Oliveira Martins: Consenso politico sobre memorando da ‘troika’ deve ser reforçado

Oliveira Martins, presidente da Eurosai
Oliveira Martins, presidente da Eurosai

O presidente do Tribunal de Contas defendeu hoje um “reforço” do consenso político subjacente ao memorando de entendimento e considerou “fundamental” o cumprimento do acordo “nos exatos termos” em que foi assumido.

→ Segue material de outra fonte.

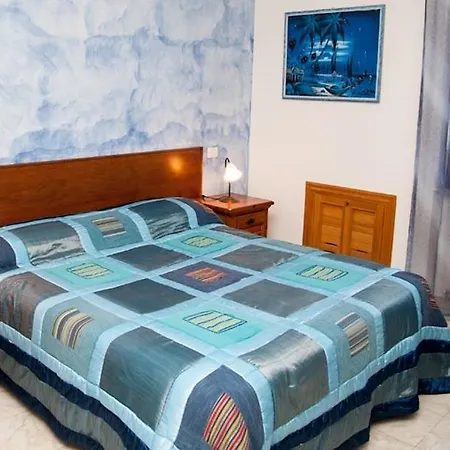 Sant'anna ゲストハウス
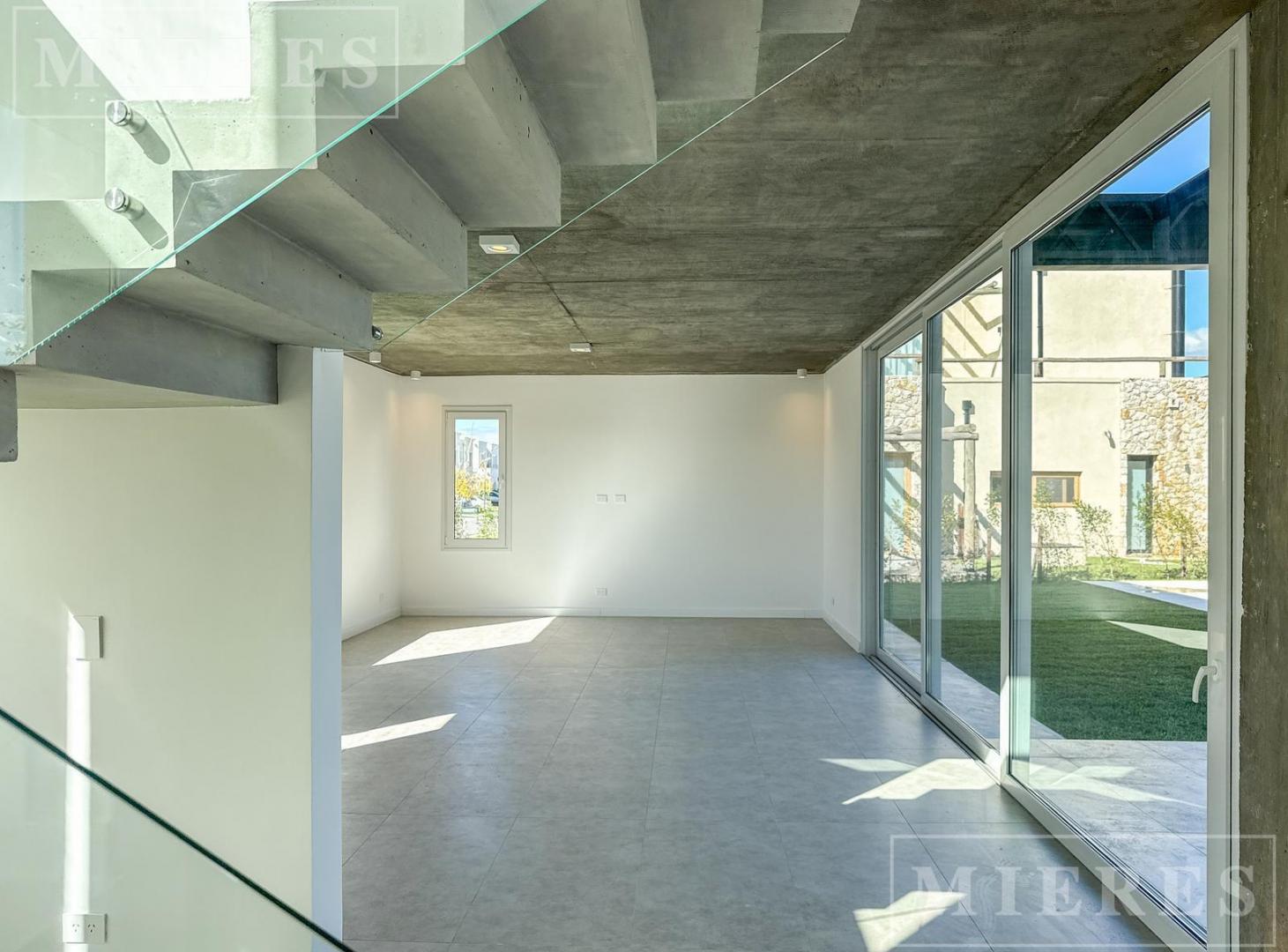 Foto de Casa en venta sobre Lote Interno en Carpinchos, Nordelta., imagen 3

“Entendo fundamental que os termos do memorando devem ser cumpridos nos exatos termos em que foram assumidos. Não podemos esquecer que o memorando tem subjacente um consenso político e esse consenso tem de ser reforçado”, afirmou Guilherme d’Oliveira Martins, à margem do congresso dos técnicos oficiais de contas (TOC) que hoje encerra em Lisboa.

Questionado sobre o alcance daquele reforço de consenso politico, respondeu: “Como presidente do tribunal tenho uma função de acompanhamento e não posso fazer comentários de índole política”.

O presidente do Tribunal de Contas considerou ainda “adequado” o adiamento por um ano do prazo para cumprimento do défice, para 2,5 por cento em 2014, anunciado a semana passada pelo ministro das Finanças, durante a apresentação das conclusões da ‘troika’ à quinta avaliação do programa de ajustamento.

“O memorando de entendimento com a ‘troika’ teve uma revisão para flexibilidade no tempo. Julgo que isso é adequado uma vez que houve uma evolução na Europa, nomeadamente em Espanha, que obriga a que essa flexibilidade exista. De qualquer modo, os princípios fundamentais e os compromissos que estão assumidos têm de ser cumpridos nos exatos termos em que foram assumidos”, disse.

Dirigindo-se a centenas de TOC, reunidos no Pavilhão Atlântico, Guilherme d’Oliveira Martins fez um apelo aos responsáveis da administração pública para que garantam a confiança dos cidadãos nas contas públicas e anunciou que desde julho está a promover um trabalho conjunto nesse sentido com os bastonários dos TOC e dos Revisores Oficiais de Contas (ROC).

“Entendemos ser indispensável que as entidades sob jurisdição do Tribunal de Contas recorram aos técnicos e aos revisores oficiais de contas para, no fundo, garantir que haja uma melhor articulação e uma linguagem comum. Sem consolidação, sem verdade e sem transparência, não há boas contas, não há responsabilidade”, afirmou.

A economia faz-se para as pessoas e não o contrário, frisou, salientando a “necessidade” de o rigor financeiro e orçamental serem sinónimos de “mais justiça, mais emprego e mais desenvolvimento”.

Recorrendo às intervenções hoje no congresso de especialistas internacionais em contabilidade, Oliveira Martins disse que aqueles profissionais vieram aqui confirmar que a ilusão contabilista é uma questão internacional, não é portuguesa.

“Começou nos Estados Unidos e transmitiu-se à Europa e correspondeu à criatividade financeira contra a criação económica: Criaram-se aparentemente valores que não correspondiam à realidade, para permitir a distribuição de dividendos, mas isso teve uma consequência que não pode ser deixada de ser ultrapassada neste momento, que a ilusão contabilista gerou uma recessão muito grave”, concluiu.